## [WHAT TO DO]
Provide again, from the entries below, every line from the one containing "Remo Pinstripe Coated" through the one containing "６７１９０　山県市大字高富字和合松土地", exactly as written, and no other line.

Caption-style text data
◆ ◆ ◆ ◆
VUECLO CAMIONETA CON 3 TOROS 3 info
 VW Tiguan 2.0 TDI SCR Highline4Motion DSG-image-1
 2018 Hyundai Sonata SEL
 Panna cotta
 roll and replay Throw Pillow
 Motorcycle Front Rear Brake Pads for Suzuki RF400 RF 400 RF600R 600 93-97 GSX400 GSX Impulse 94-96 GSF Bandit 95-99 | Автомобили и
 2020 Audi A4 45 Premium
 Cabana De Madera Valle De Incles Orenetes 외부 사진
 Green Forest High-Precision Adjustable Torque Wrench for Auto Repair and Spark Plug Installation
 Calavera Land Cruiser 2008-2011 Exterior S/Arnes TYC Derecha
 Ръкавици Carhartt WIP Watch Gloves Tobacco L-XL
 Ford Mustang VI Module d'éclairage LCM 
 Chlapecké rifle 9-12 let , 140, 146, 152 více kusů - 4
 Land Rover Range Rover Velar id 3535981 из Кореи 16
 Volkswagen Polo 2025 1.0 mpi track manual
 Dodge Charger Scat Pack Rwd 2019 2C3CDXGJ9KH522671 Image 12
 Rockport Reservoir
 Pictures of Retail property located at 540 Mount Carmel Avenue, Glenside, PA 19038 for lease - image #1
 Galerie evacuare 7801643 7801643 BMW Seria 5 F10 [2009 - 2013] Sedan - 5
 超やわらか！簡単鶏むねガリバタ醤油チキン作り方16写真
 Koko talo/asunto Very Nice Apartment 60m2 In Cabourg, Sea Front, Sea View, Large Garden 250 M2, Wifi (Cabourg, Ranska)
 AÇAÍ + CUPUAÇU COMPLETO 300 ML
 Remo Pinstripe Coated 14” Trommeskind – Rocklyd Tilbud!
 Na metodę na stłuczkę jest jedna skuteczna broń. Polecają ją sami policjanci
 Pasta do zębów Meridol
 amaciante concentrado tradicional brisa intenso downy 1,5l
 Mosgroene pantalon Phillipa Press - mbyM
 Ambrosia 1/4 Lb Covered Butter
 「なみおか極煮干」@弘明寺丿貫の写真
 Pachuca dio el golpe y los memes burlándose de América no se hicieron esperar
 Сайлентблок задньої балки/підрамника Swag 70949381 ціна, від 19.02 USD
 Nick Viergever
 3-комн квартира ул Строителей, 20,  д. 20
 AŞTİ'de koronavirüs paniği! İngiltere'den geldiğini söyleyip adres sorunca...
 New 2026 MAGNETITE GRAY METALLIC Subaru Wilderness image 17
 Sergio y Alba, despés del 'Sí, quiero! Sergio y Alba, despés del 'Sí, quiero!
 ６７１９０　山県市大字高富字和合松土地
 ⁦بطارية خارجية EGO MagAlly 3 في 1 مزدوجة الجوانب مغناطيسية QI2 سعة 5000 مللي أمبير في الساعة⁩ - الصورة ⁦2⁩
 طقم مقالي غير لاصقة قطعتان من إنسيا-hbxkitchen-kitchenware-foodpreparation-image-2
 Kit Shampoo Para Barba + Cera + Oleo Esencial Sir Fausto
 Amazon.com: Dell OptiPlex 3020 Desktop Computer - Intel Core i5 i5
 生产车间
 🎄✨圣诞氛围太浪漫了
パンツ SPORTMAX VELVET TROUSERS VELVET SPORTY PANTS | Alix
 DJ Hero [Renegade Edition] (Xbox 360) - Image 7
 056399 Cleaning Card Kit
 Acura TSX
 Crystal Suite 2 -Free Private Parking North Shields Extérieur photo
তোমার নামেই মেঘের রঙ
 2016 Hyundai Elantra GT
◆ ◆ ◆ ◆
## [ANSWER FOR THE TASK]
 Remo Pinstripe Coated 14” Trommeskind – Rocklyd Tilbud!
 Na metodę na stłuczkę jest jedna skuteczna broń. Polecają ją sami policjanci
 Pasta do zębów Meridol
 amaciante concentrado tradicional brisa intenso downy 1,5l
 Mosgroene pantalon Phillipa Press - mbyM
 Ambrosia 1/4 Lb Covered Butter
 「なみおか極煮干」@弘明寺丿貫の写真
 Pachuca dio el golpe y los memes burlándose de América no se hicieron esperar
 Сайлентблок задньої балки/підрамника Swag 70949381 ціна, від 19.02 USD
 Nick Viergever
 3-комн квартира ул Строителей, 20,  д. 20
 AŞTİ'de koronavirüs paniği! İngiltere'den geldiğini söyleyip adres sorunca...
 New 2026 MAGNETITE GRAY METALLIC Subaru Wilderness image 17
 Sergio y Alba, despés del 'Sí, quiero! Sergio y Alba, despés del 'Sí, quiero!
 ６７１９０　山県市大字高富字和合松土地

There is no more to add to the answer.